Each of my blog posts, published or not, has started with a
coffee in hand and my peers’ completed posts open in front of me. Despite the
debilitating feeling of writing honestly for an audience, I gain some courage
and perspective from the thoughts and ideas of all the Environmental Studies
authors who have shared to this blog before me. For some the prescription of
hope may seem too confining to share to this space and that this platform perhaps
doesn’t lend itself to pessimism or confusion. With critical hope negativity in
a way is essential for understanding intersectional issues. I personally derive
just as much hope, if not more, from this vulnerability. There is something
reassuring and almost validating knowing that we are all going through this
life altering process in one stage or another. Sarah Ray identifies this
process in her Affective Ecocriticism
Manuscript as the affective arc of Environmental Studies curricula.
My own experience can be compared to Ray’s claim that the “ENST degree is some
kind of 12-step program, with its own arc of affects, moving in stages from idealism,
lost innocence, shame, denial, grief, apathy, optimism, and then, I can only
hope, agency to work against diminution” (1). Though described here as an almost
linear process, I understand these stages to be part of a cycle that ebbs and
flows with new knowledge and growth.

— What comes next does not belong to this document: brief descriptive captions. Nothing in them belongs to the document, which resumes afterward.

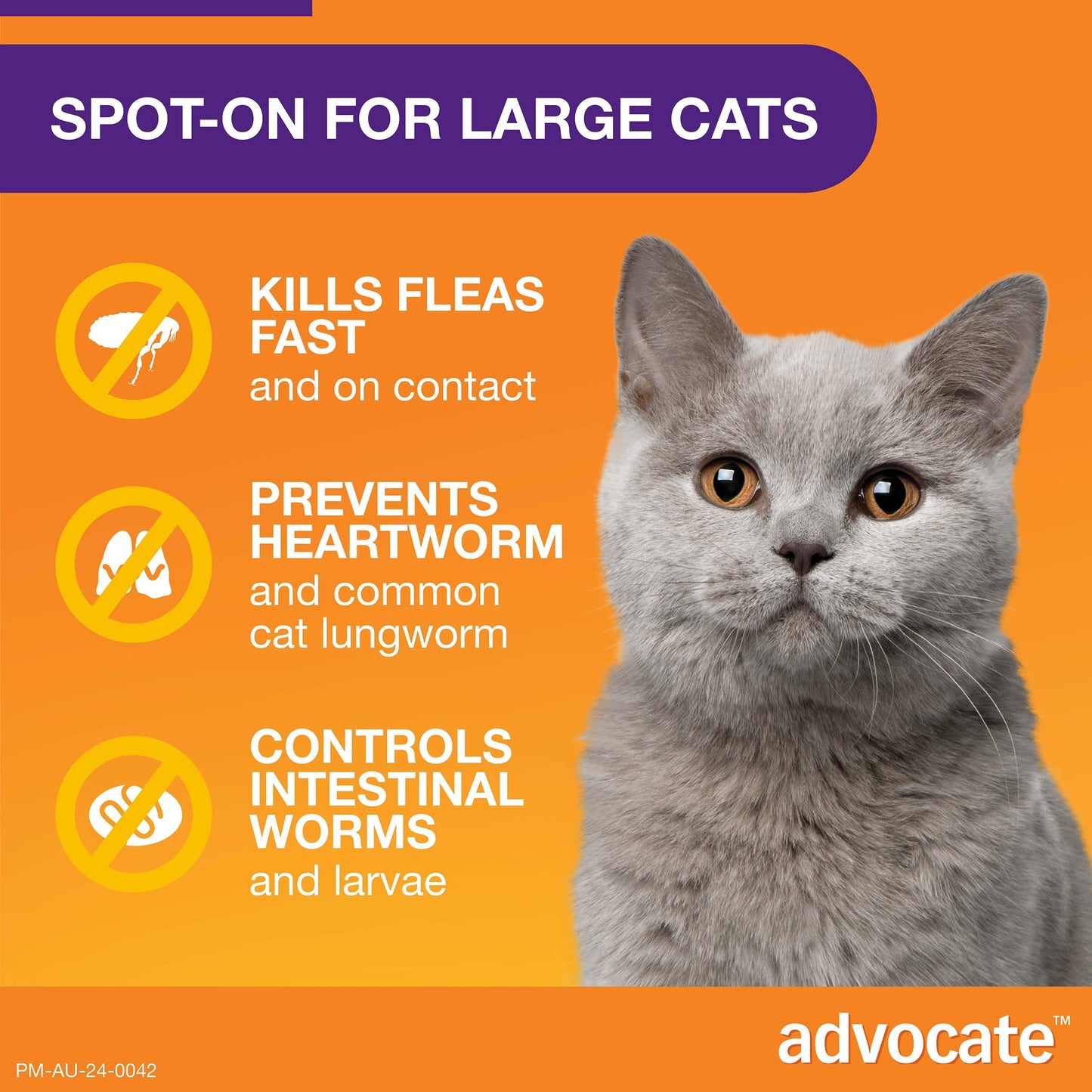 Hill's Science Diet Adult 6kg + Advocate 6 Pack Bundle For Cats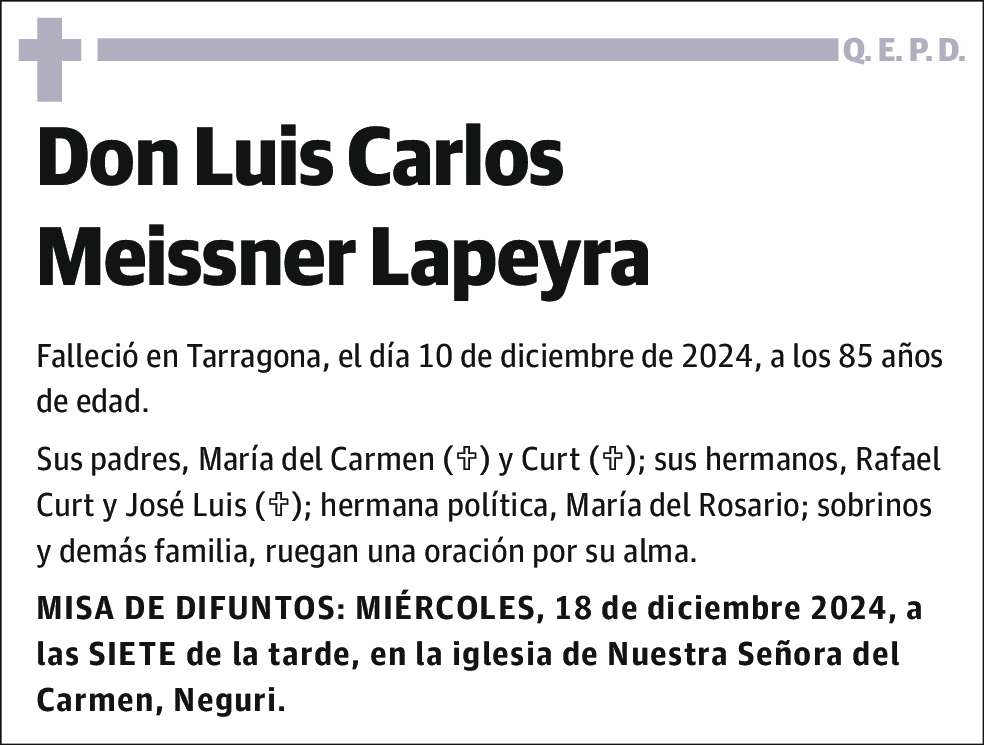 MEISSNER LAPEYRA,LUIS CARLOS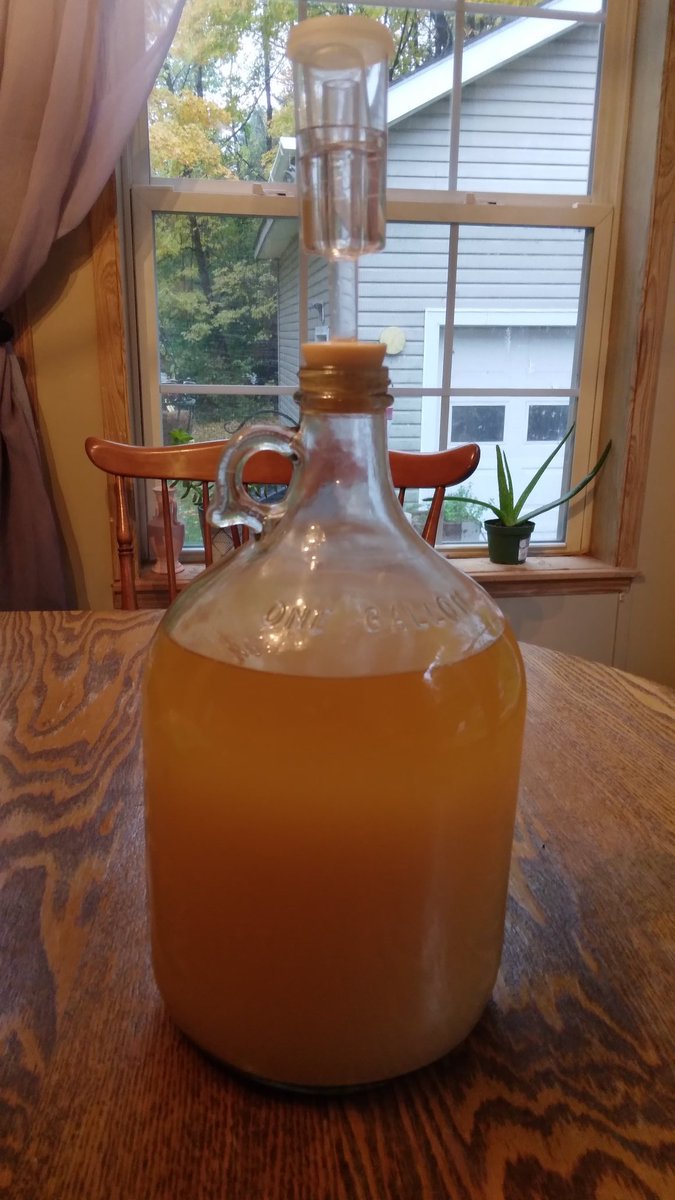 KnightDivining's tweet photo. What a difference in color already. I'll be adding 2lbs of raspberries to it tonight & then racking it into a separate container next weekend to finish out the aging process.
#mead #honeywine #honeymead #nectarofthegods #beginner #newhobby #raspberrymead https://t.co/KlqkLAK3Q5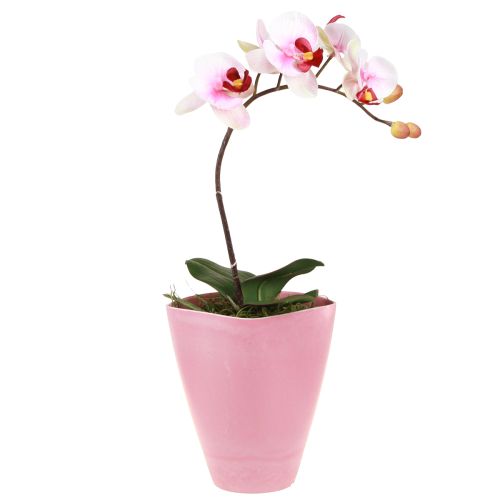 Maceta florero de plástico maceta para orquídeas rosa Al. 16,5 cm 4 piezas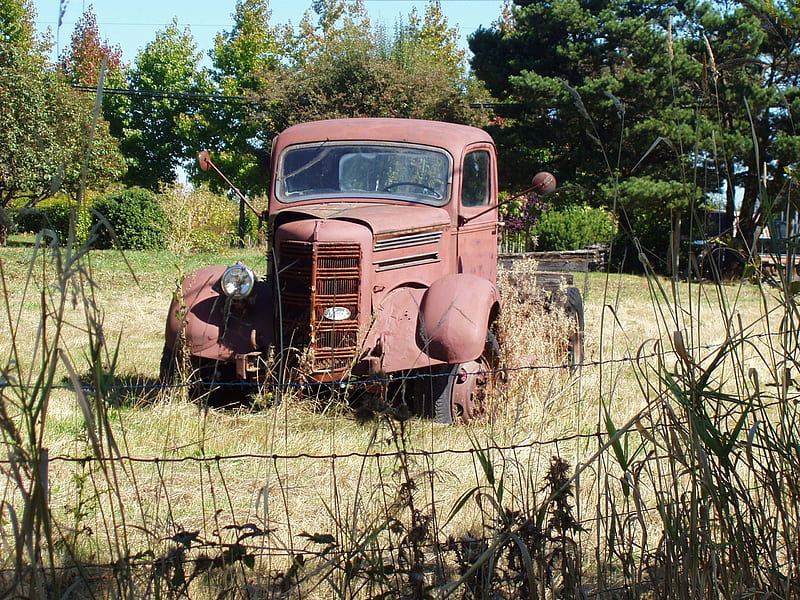 Rusty, rusted, vehicle, old truck, fix, old, rust, car, beauty, truck, HD wallpaper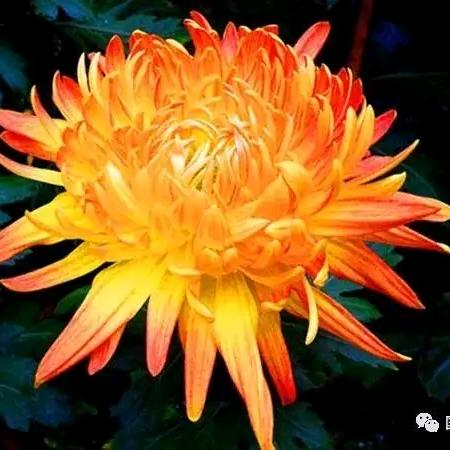 菊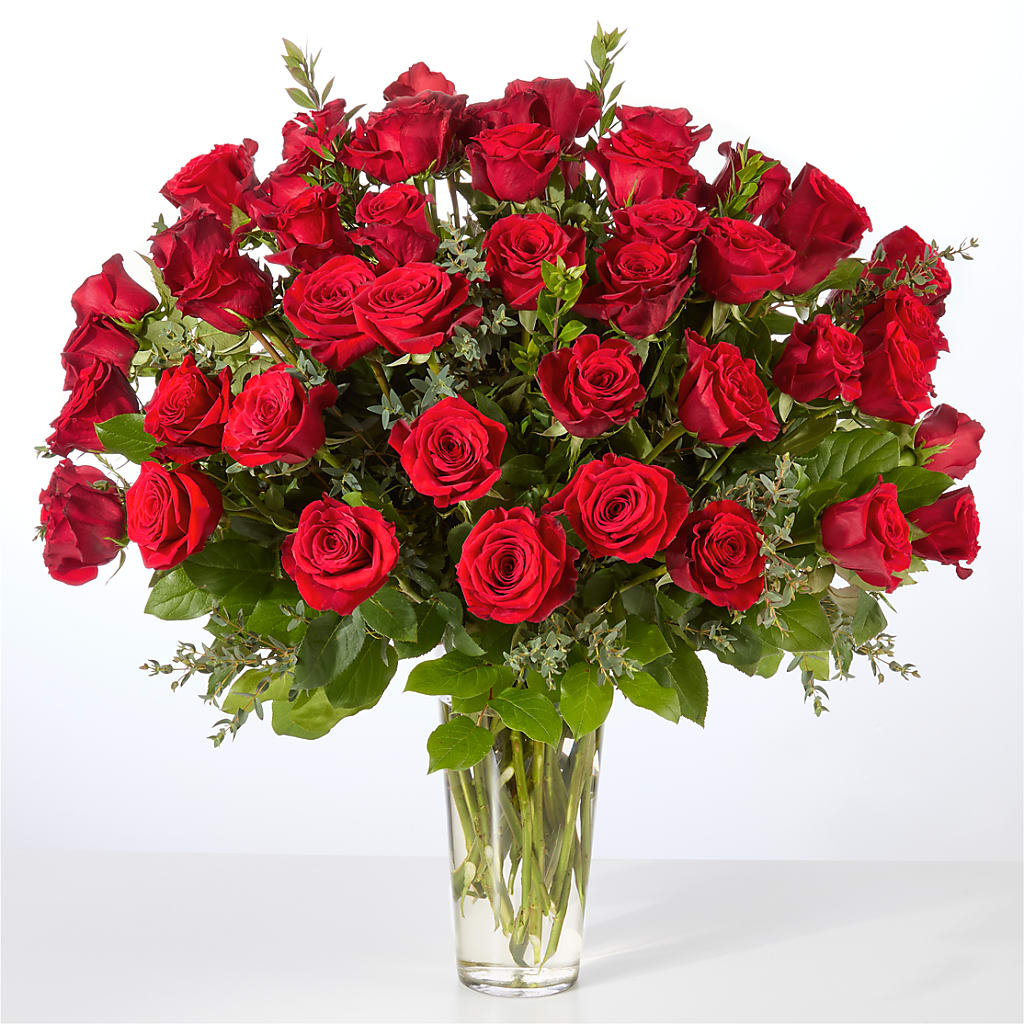 Forever Yours Fifty Stem Red Rose Bouquet –  Cb Florist, Canton MI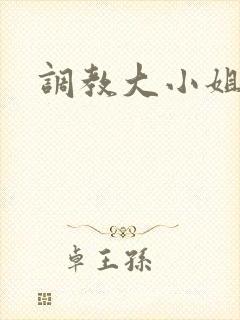 调教大小姐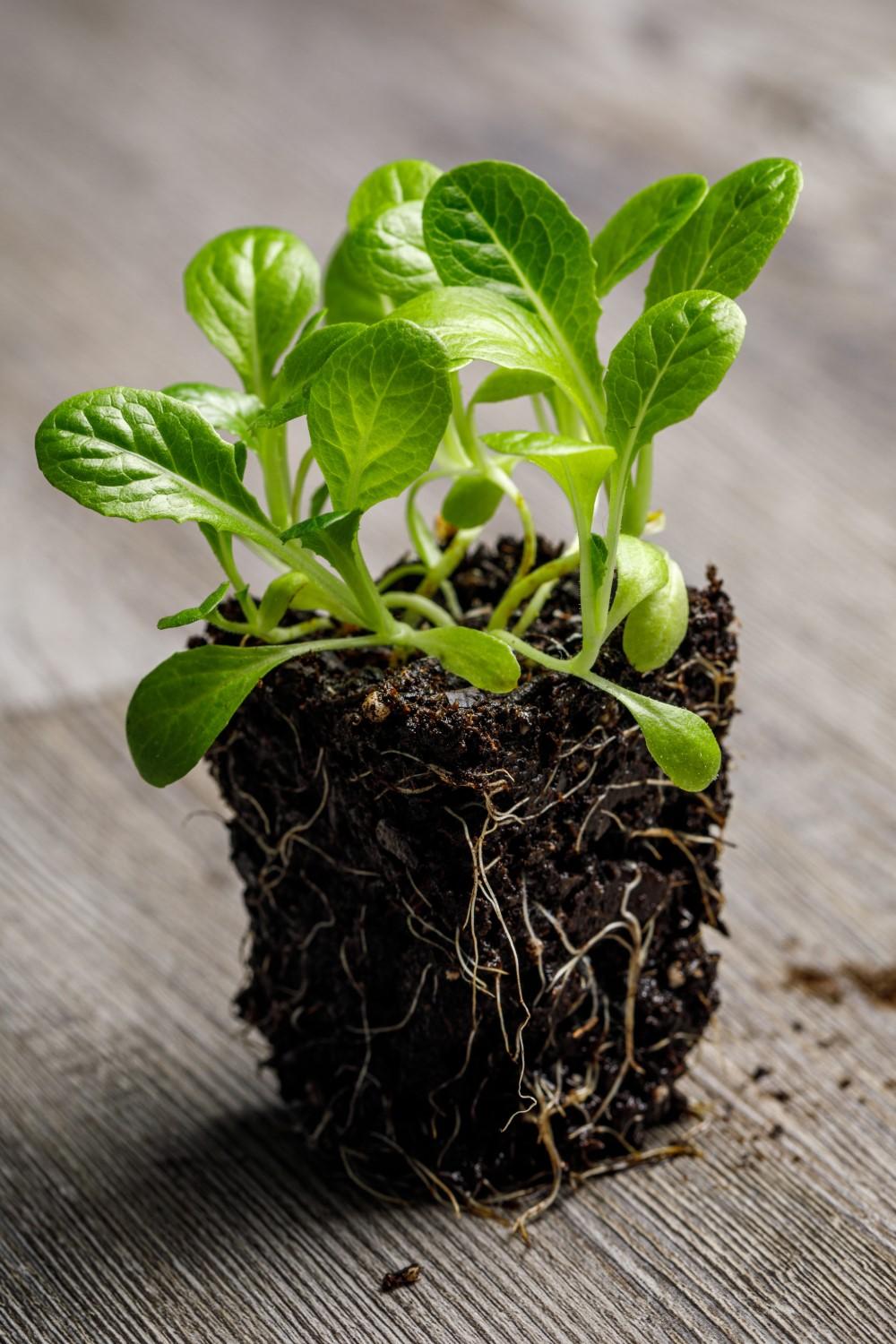 A group of several young lettuce plants removed from a pot or cell pack. Root growth is visible on the outer edges of the soil block, and the leaves are starting to overlap each other as they become crowded.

Every day with this material I feel like I
teeter between inching closer to clarity and falling farther from tangible
solutions. Accepting and incorporating emotion as part of my response to this curriculum
is what has allowed me to adequately deconstruct my former understanding of the
world to try moving forward in a way that feels meaningful.
I started the semester vocalizing my intentions for being vulnerable
and as the work load increases and I want to isolate myself in my shell I am
reminded of the value of the network I am a part of and the collective effort
in which I play only my own role.
Prior
to graduating and synthesizing my hopes and goals with my work, I am thankful for
my simple role within this growing program (giving feedback, etc.). Having
models like Sarah Ray and Loren Collins actively working to fill their roles while
being critical of their own work helps me to set my own mental path.
“To the extent that we can help them
understand their anguish in the context of broader structures, be
self-reflexive about their emotional responses to narratives of urgency,
recognize the simultaneous humility and power that comes with being part of a
network of obligation, we will turn their impotence into agency” (Ray, 13).
savanna- you're doing it! thanks for sharing on the blog. courageous.